The New Hampshire Gaming Regulatory Oversight Authority took a straw vote to include such details as a maximum number of video slots, the tax rate and number of locations — a reversal of a decision made this summer.
The panel plans to meet Dec. 6 to review a new draft of the bill it will submit to lawmakers by Dec. 15.
The panel was created after the House killed a casino bill that passed the Senate with strong backing from Gov. Maggie Hassan. The bill rejected in May would have allowed the construction of one casino with 5,000 slot machines and 150 table games.
Casino supporters are concerned New Hampshire will lose revenue to Massachusetts, which is in the process of licensing three casinos and one video slots parlor.
The panel chose to include the details in the legislation rather than in a separate report. Attorney General Joseph Foster abstained, noting that his agency opposes legalizing a casino.
"I don't view it as my role or the department's role to decide what the optimal casino should be," said Foster.

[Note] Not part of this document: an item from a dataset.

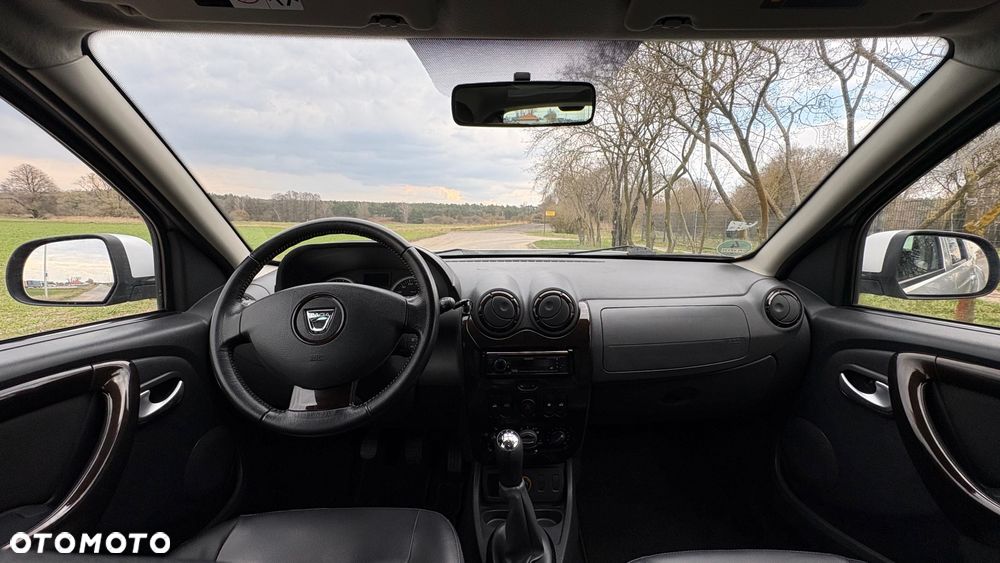 Dacia Duster 1.6 - 21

State Rep. Richard Ames, a Democrat from Jaffrey and committee chairman, said that if the number of slots and other fiscal aspects are not included, he would bring an amendment to the committee handling the bill next year to add them. He did not say whether his amendment would push to legalize a casino. Other bills to legalize a casino are expected to come before lawmakers next year.
Foster also objected to the draft bill's statement of purpose saying New Hampshire should develop a casino as soon as possible "to preserve the quality of life for New Hampshire residents" by promoting economic development. Foster said his role was to ensure the state had as strong a regulatory structure as possible if it decided to approve a casino, not to support a casino.

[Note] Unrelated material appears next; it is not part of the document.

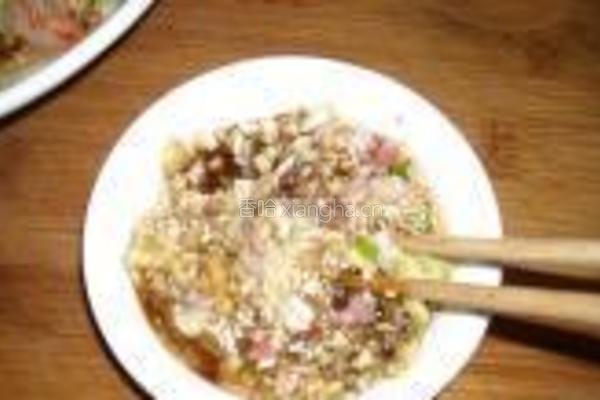海蜇头拌青瓜丝的做法图解6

State Rep. Lucy Weber, D-Walpole, questioned whether a policy statement was necessary.
Racing and Charitable Gaming director Paul Kelley and his staff also are working on changes to the law governing charitable games that include ending the practice of commercial operators of games of chance charging the charities rent and fees that cut into their 35 percent share of the take.
The legislation will be considered separately from the bill to regulate a casino.